The wooden coffin containing the body of Gaid Salah, who died of a heart attack on Monday aged 79, was displayed for four hours in the People's Palace in the centre of the capital Algiers before being carried in a procession to his final resting place.
Thousands gathered at the gates of the palace, along the procession's route and at the cemetery to pay their respects to the man who had been army chief for a record 15 years – but also a face of the political system the months-old protest movement has been railing against.
Gaid Salah became the country's de facto leader behind the scenes after longtime president Abdelaziz Bouteflika was forced to step down in the face of huge street protests in April.
But the crowds saluting the departure of the funeral procession paid tribute to Gaid Salah, with calls of "Allahu akbar" (God is Greatest) and ululations.
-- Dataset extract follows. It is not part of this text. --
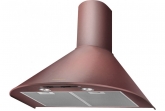 Вытяжка для кухни Maunfeld Derby 50 Медь Вытяжка для кухни Maunfeld Derby 50 Медь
The convoy was led by officers in ceremonial uniforms on the back of a lorry, flanked by police motorcycle outriders.
The coffin was transported on a gun carriage pulled by an armoured personnel carrier along the roughly 10-kilometre (6-mile) route to the cemetery, where Gaid Salah was buried in the afternoon.
Thousands pay tribute
Senior state officials paid tribute to the deceased at the palace, built in the 18th century for Ottoman governors and now used for state ceremonies.
Carried by several officers, the coffin was met by interim military chief of staff Said Chengriha, accompanied by other military officials.
President Abdelmadjid Tebboune arrived a little after the procession and paid his respects at the coffin before offering condolences to relatives of the deceased.
Tebboune won a December 12 presidential election with 58.1 percent of the vote on a turnout of less than 40 percent, according to official results, in a poll dismissed by protesters as a ploy by Gaid Salah and other establishment figures to consolidate their power.
After his win, Tebboune awarded Gaid Salah the top honour in the National Order of Merit, usually reserved for heads of state. After the general's death he announced three days of national mourning.
Abdelkader Bensalah, interim president after Bouteflika's fall, and other senior personalities also gathered in front of the coffin.
Images broadcast by several TV stations showed a crowd massed at the gates of the palace as well as small groups of civilians entering the palace complex and briefly stopping in front of the coffin to pay their respects.
The religious affairs ministry asked imams to lead prayers in Gaid Salah's memory on Wednesday.
Gaid Salah has been lambasted by the protest movement, particularly in the lead-up to the December 12 presidential election rejected by the movement demanding deep-rooted political reforms before any poll.
The crowd gathered at the palace in the morning chanted a modified version of a protest slogan that called Gaid Salah a traitor, instead saying, "Army and people are brothers and Gaid Salah is a martyr."